Puis j’arrivai à comprendre qu’il n’y avait aucune raison valide pour demeurer dans l’Église Anglicane, aucune objection sérieuse pour m’empêcher d’aller à Rome. Alors, je n’eus plus rien à apprendre. Ce qu’il me fallait encore pour parvenir à me convertir, ce n’était plus simplement de changer d’opinion, mais que mon opinion elle-même se transformât en une conviction intellectuelle claire et ferme.

J’arrive maintenant à détailler les actions auxquelles je me suis décidé pendant cette dernière période de ma recherche de la vérité. En 1843, j’ai entrepris deux démarches très importantes et significatives :

1° En février, j’ai rédigé une rétractation formelle de tout ce que j’avais dit de diffamatoire à l’encontre de l’Église de Rome ;

2° En septembre, j’ai démissionné de ma charge à Sainte-Marie, Littlemore inclus. Je vais parler de ces deux actes séparément.

1° — Les termes de ma rétractation ont fait l’objet de nombreuses critiques. Après avoir cité un certain nombre de passages de mes écrits contre l’Église de Rome, passages que je rétractais, se terminaient ainsi :

« Et si vous me demandez comment un individu peut s’aventurer, non pas simplement à croire, mais à publier de telles appréciations touchant une Communion si ancienne, si répandue, si féconde en saints, je répondrai que je me disais à moi-même :

Je ne parle point mon propre langage, je ne fais, pour ainsi dire, que suivre l’avis unanime des théologiens de ma propre Église. Tous ont constamment employé le langage le plus sévère contre Rome, même les plus capables, les plus instruits d’entre eux. Je désire me jeter dans leur système.

Tant que je dis ce qu’ils disent, je suis en sûreté. En outre, de telles opinions sont nécessaires pour notre position. J’ai cependant quelque raison de craindre que ce langage ne doive être, en grande partie, attribué à mon tempérament impétueux, à l’espérance d’obtenir l’approbation de gens que je respecte, et au désir de repousser l’accusation de Romanisme. »

Ces paroles ont été et sont constamment citées contre moi, comme si elles renfermaient l’aveu qu’étant dans l’Église Anglicane, je disais contre Rome des choses que je ne croyais pas en réalité. Quant à moi, je ne peux comprendre comment un homme impartial peut les interpréter ainsi ; et j’ai publié plusieurs fois des explications à ce sujet. J’ai la confiance que le sens évident de ces paroles…

Dans le passage en question, je m’excuse d’avoir formulé contre l’Église de Rome des accusations que j’affirme cependant avoir crues parfaitement vraies au moment où je les formulais. Qu’y a-t-il d’étrange dans de telles excuses ? Un homme peut, assurément, croire bien des choses qu’il ne se sent pourtant aucun droit de dire publiquement et qu’il peut regretter d’avoir dites.

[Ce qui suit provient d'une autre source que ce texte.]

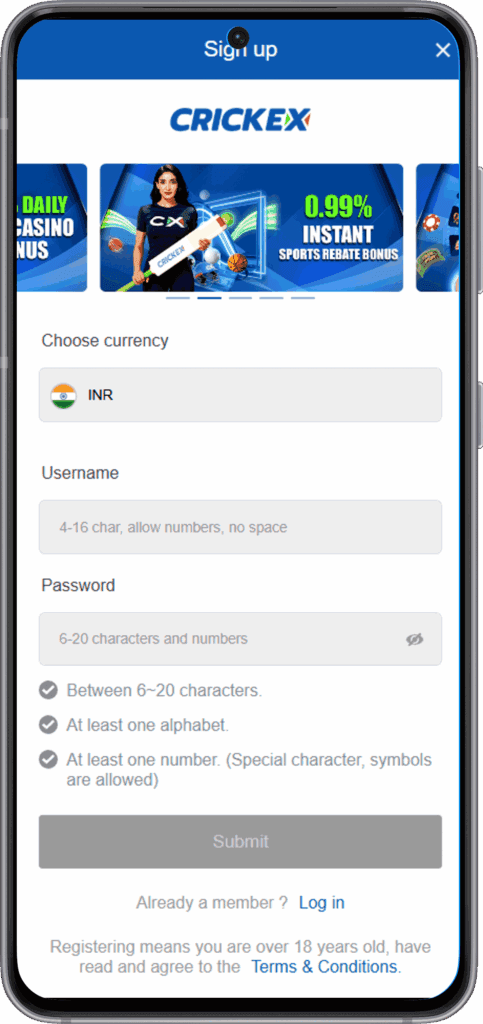 sign up in crickex casino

La loi reconnaît ce principe. De nos jours, des gens ont été mis en prison et condamnés à l’amende pour avoir dit des choses vraies d’un mauvais roi. On a avancé cette maxime :

« Plus grande est la vérité, plus grande est l’injure. »

Ainsi, au jugement de la société, une juste indignation s’élèverait contre l’écrivain frivole qui viendrait révéler les faiblesses d’un grand homme, et cela, même quand le monde entier les connaîtrait d’avance. Nul n’a la liberté de mal parler d’autrui sans une raison justifiable, même quand il dit la vérité et que le public le sait aussi. Donc, bien que j’aie été convaincu de ce que je disais contre l’Église Romaine, je ne pouvais religieusement le dire, à moins d’être réellement autorisé, non seulement à penser le mal, mais à le faire connaître.

Je croyais assurément ce que je disais, et j’appuyais ma conviction sur des raisons que je croyais bonnes. Mais avais-je aussi un motif justifié pour proclamer cette conviction ? Je le supposais, et voici la raison : c’est que, dans la controverse, dire tout ce que je croyais était positivement nécessaire pour notre défense personnelle. J’estimais que la position Anglicane ne pouvait être défendue sans formuler des accusations contre l’Église de Rome. Dans ce cas, comme dans presque tous les cas de guerre, l’un des deux partis avait raison, les deux ne pouvaient pas l’avoir, et l’attaque était le meilleur moyen de défense.

N’est-ce pas une vérité presque trop évidente dans la controverse avec Rome ? N’est-ce pas ce que chacun dit, pour peu qu’il s’occupe de ce sujet ? Un homme sérieux injurie-t-il l’Église de Rome pour le plaisir de l’injurier, ou parce que, en l’injuriant, il justifie sa propre situation religieuse ? Que signifie même le mot « Protestantisme« , sinon que nous sommes appelés à nous exprimer ? Voici donc ce que je disais :

« Je sais que j’ai parlé énergiquement contre l’Église de Rome, mais ce n’était pas une injure gratuite, car j’avais une raison sérieuse de le faire. »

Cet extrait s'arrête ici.